What to produce ->
What are the lines from the top of the entries below through the line containing "A confident older"? Return them exactly, both ends included, without the pictures.

Records from a data collection ->
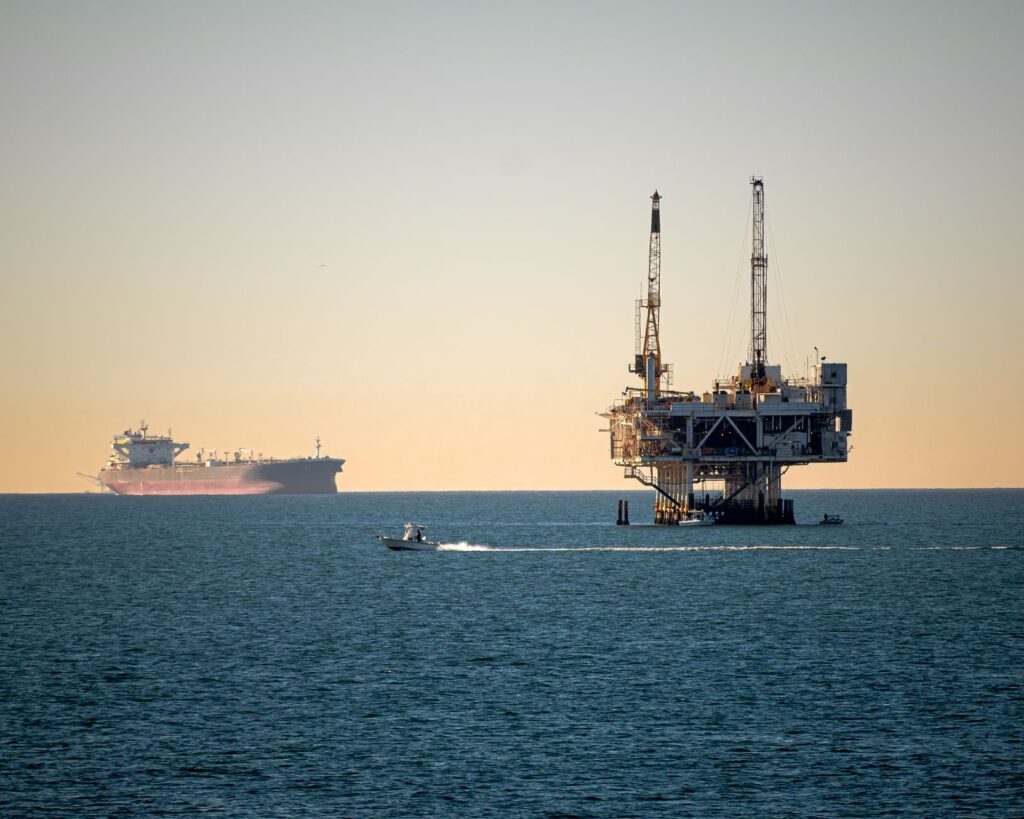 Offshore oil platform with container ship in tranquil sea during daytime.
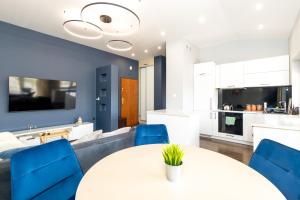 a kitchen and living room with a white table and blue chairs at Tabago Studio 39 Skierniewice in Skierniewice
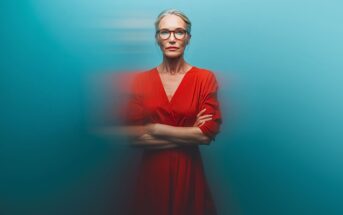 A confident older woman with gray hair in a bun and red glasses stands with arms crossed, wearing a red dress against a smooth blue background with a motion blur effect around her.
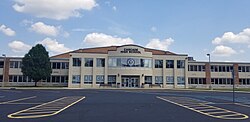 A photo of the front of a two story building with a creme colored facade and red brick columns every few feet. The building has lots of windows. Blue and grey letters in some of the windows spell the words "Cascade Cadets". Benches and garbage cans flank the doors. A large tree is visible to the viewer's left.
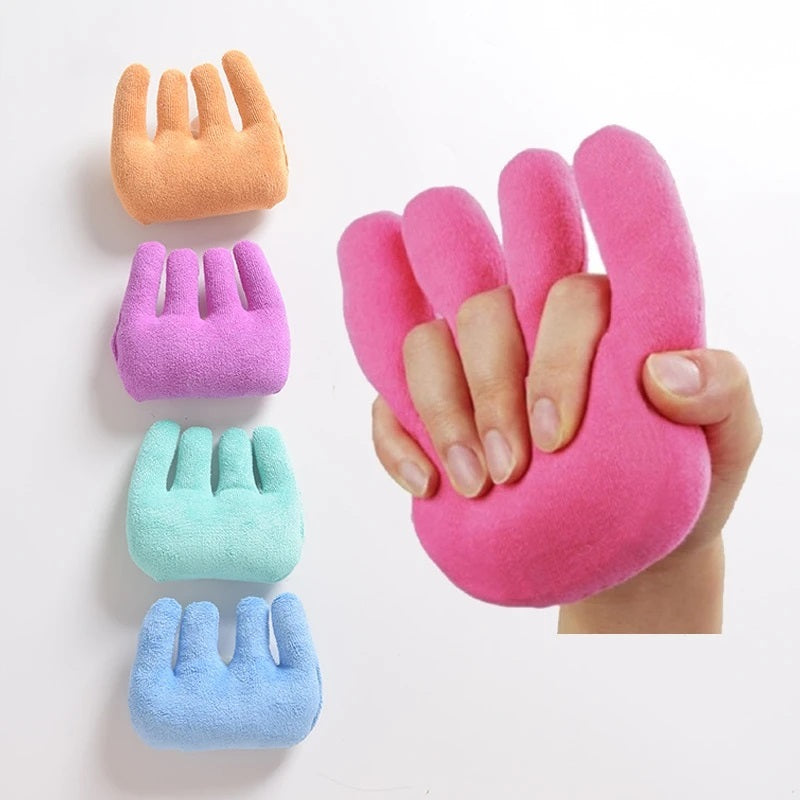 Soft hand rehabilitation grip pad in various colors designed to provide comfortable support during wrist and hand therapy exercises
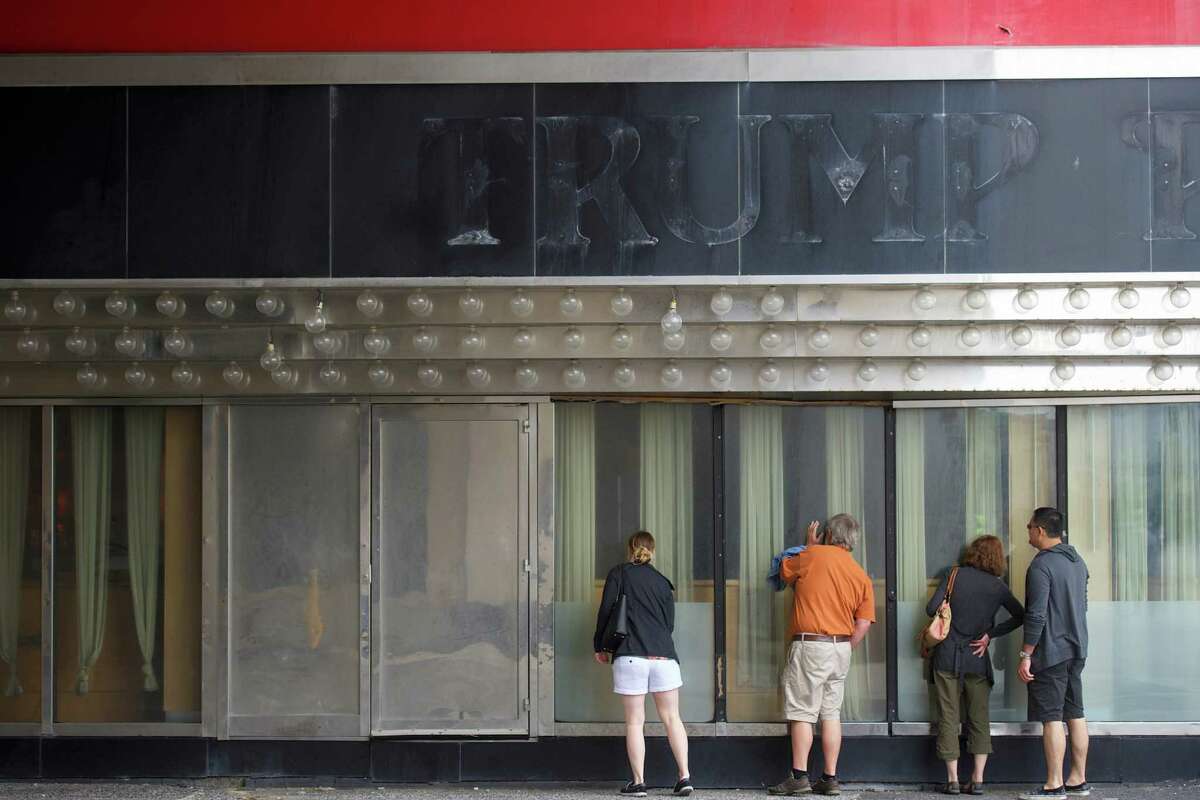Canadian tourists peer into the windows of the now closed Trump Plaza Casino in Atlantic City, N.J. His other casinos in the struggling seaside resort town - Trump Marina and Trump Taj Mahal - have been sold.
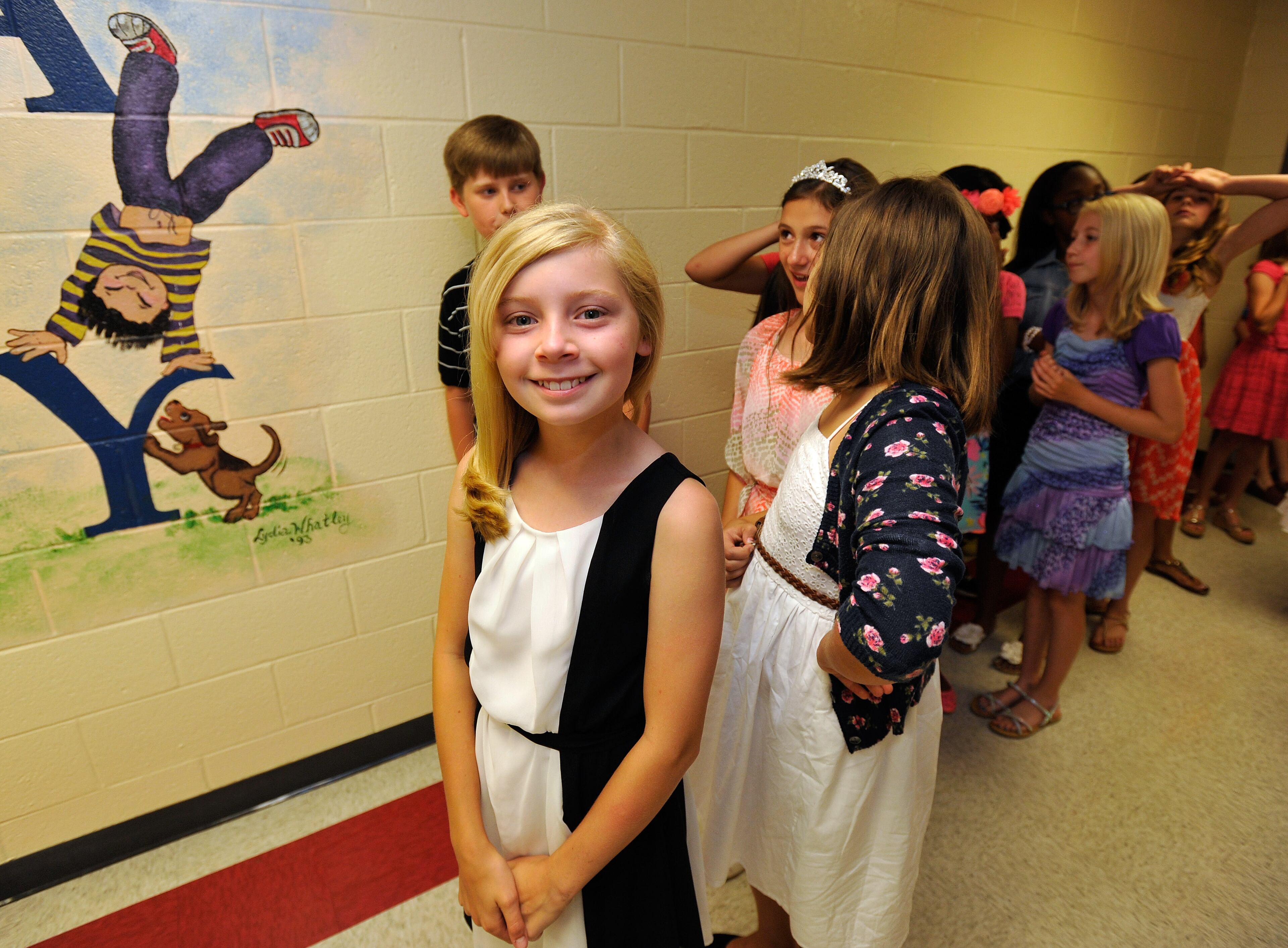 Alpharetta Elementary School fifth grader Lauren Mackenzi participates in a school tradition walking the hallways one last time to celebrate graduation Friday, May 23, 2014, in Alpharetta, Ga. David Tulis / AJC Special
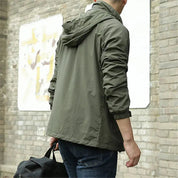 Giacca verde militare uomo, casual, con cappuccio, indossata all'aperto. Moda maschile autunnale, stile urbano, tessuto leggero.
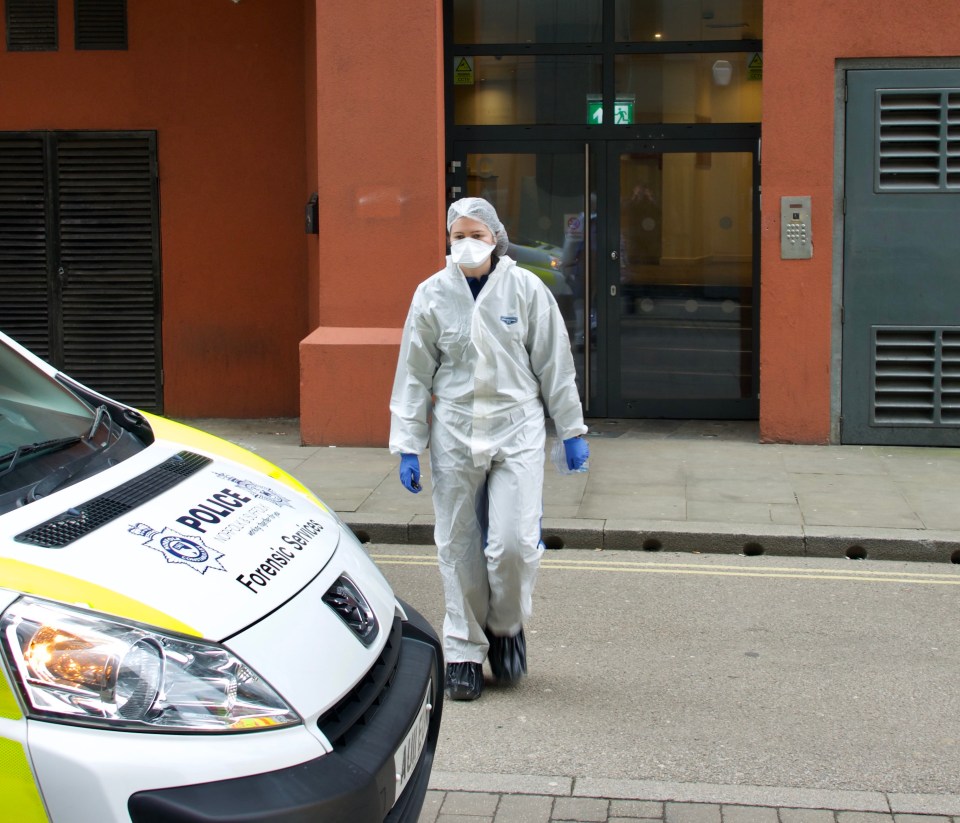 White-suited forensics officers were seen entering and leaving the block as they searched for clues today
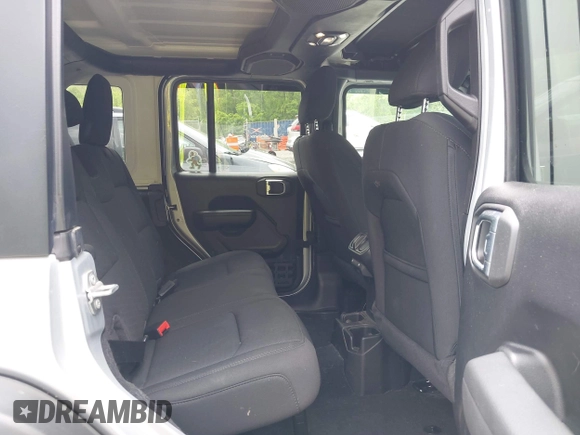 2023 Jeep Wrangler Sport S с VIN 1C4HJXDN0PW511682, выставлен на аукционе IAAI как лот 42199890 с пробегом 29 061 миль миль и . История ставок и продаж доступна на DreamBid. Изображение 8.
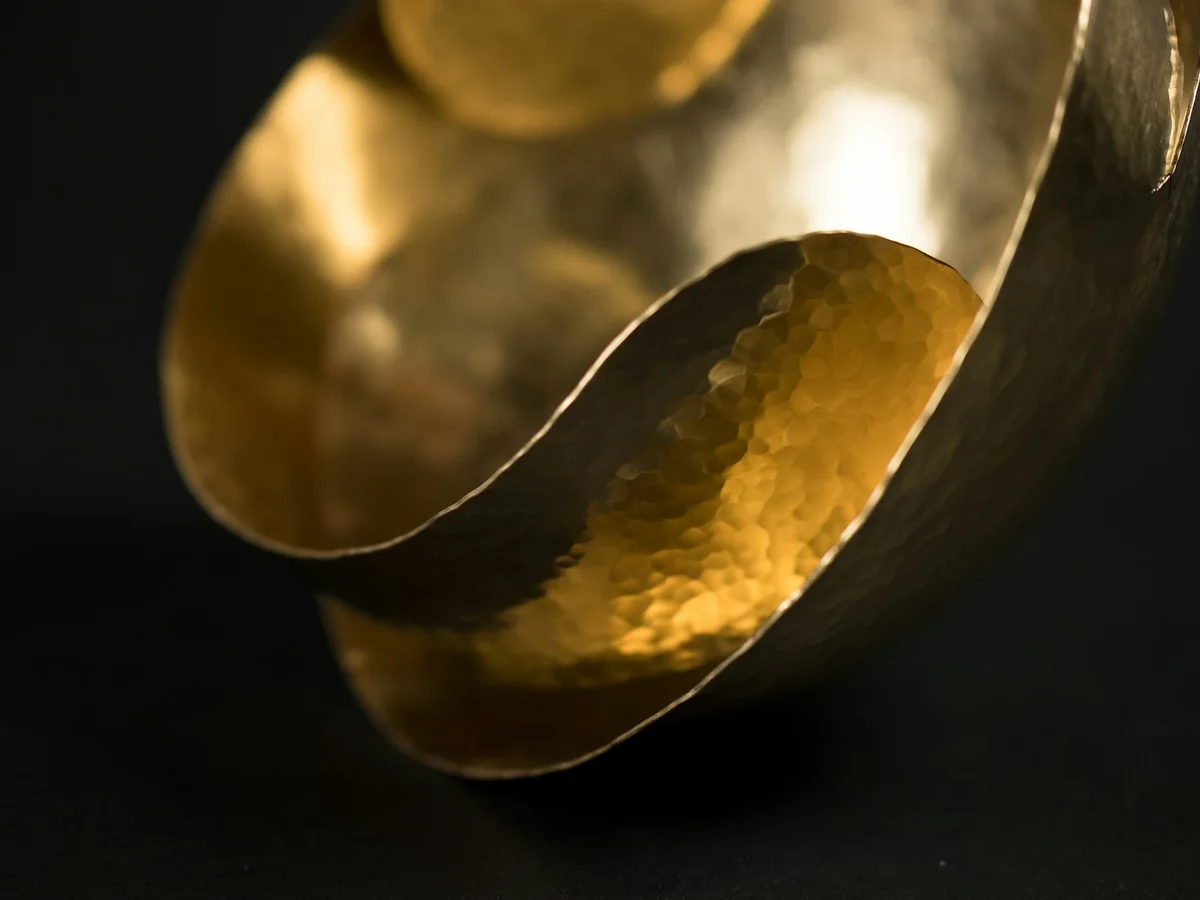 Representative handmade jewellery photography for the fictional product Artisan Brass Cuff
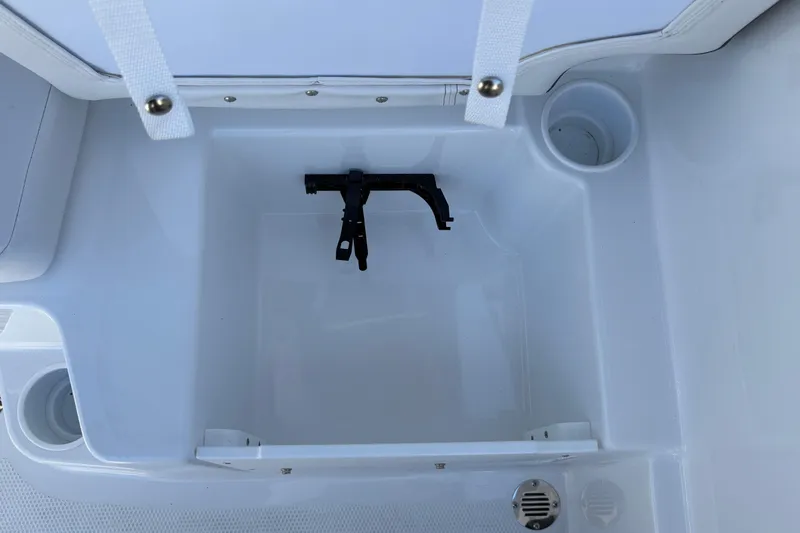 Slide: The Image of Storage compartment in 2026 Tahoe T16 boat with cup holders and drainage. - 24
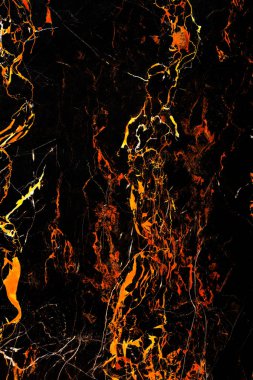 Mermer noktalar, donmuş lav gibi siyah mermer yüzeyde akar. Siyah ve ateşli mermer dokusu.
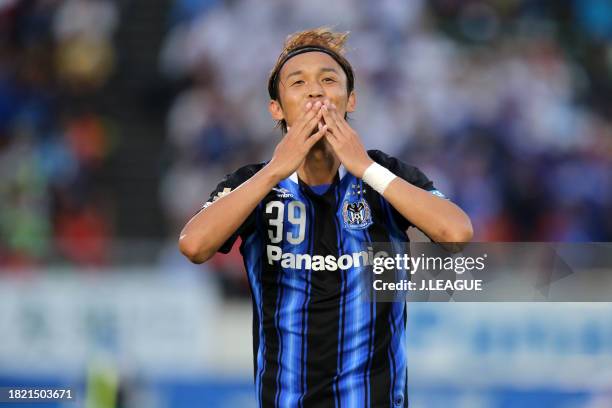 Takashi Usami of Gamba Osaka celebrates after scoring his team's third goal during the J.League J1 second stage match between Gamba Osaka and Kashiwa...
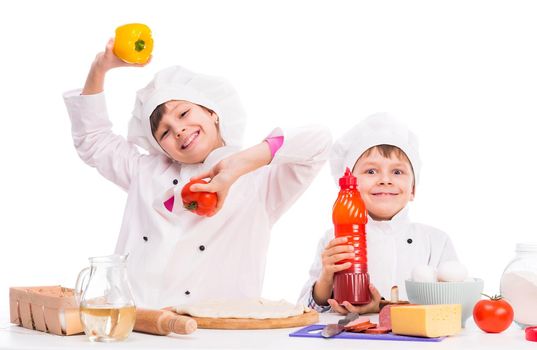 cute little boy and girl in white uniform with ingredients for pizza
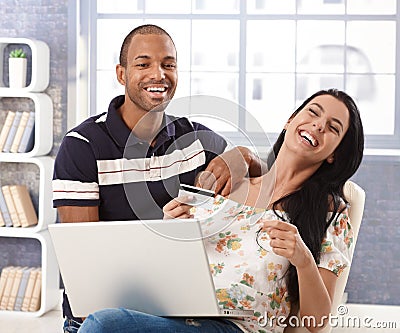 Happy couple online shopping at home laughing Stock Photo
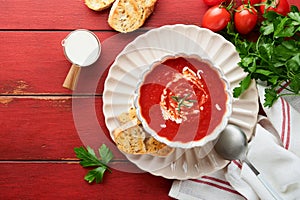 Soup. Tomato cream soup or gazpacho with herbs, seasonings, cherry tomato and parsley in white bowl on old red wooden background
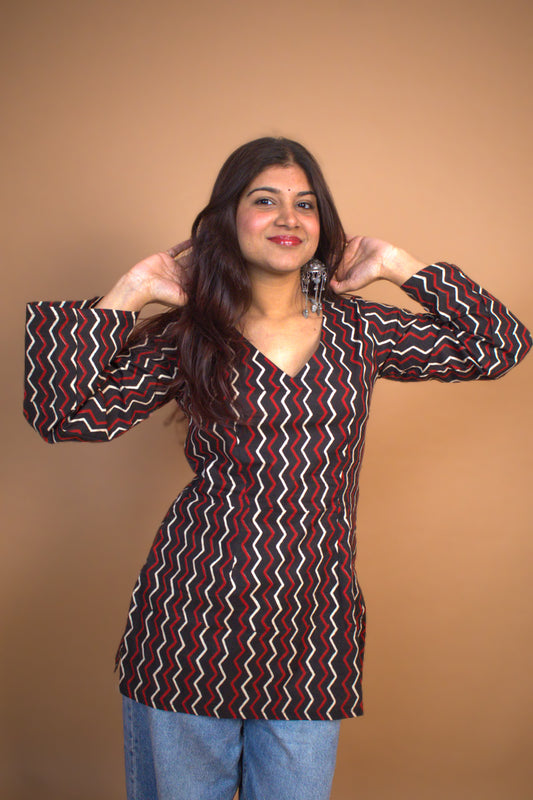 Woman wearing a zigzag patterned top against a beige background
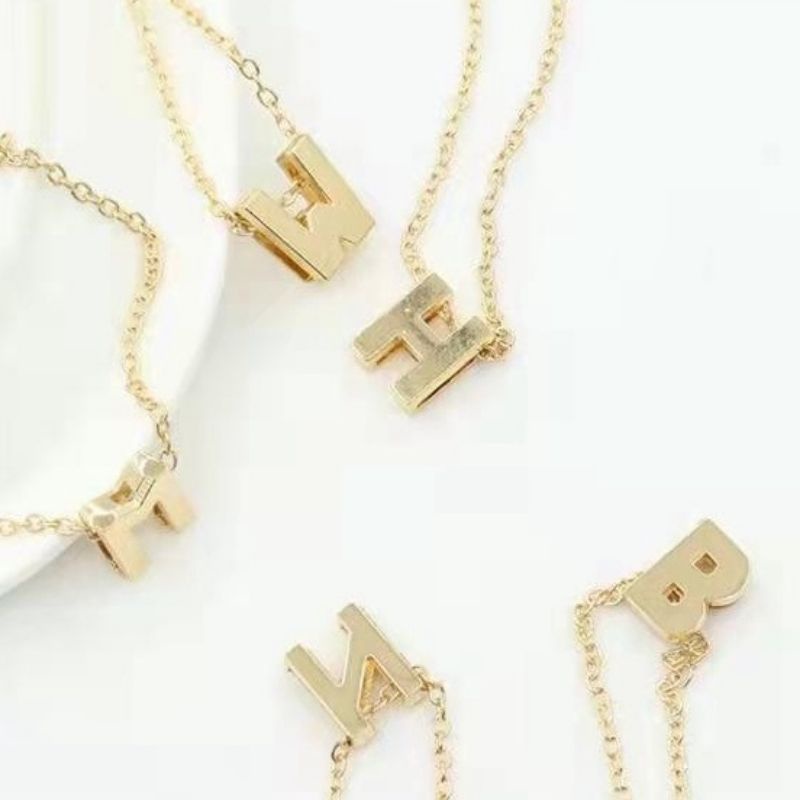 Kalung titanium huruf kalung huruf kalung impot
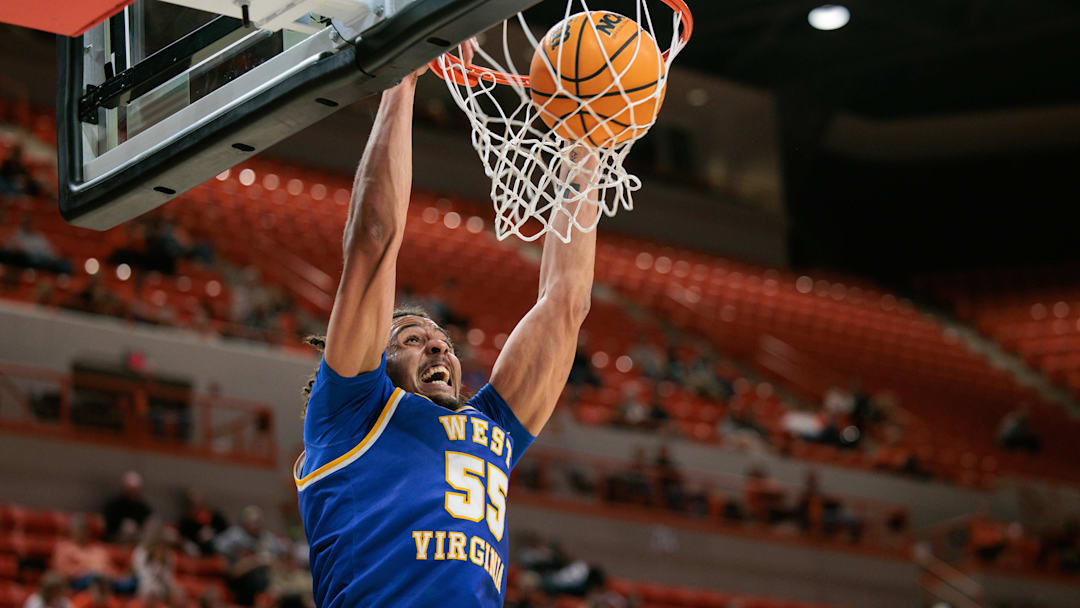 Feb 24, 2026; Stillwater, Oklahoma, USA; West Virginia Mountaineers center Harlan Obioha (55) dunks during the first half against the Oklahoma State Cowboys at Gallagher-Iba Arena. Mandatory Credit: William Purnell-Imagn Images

Output of the task ->
 Offshore oil platform with container ship in tranquil sea during daytime.
 a kitchen and living room with a white table and blue chairs at Tabago Studio 39 Skierniewice in Skierniewice
 A confident older woman with gray hair in a bun and red glasses stands with arms crossed, wearing a red dress against a smooth blue background with a motion blur effect around her.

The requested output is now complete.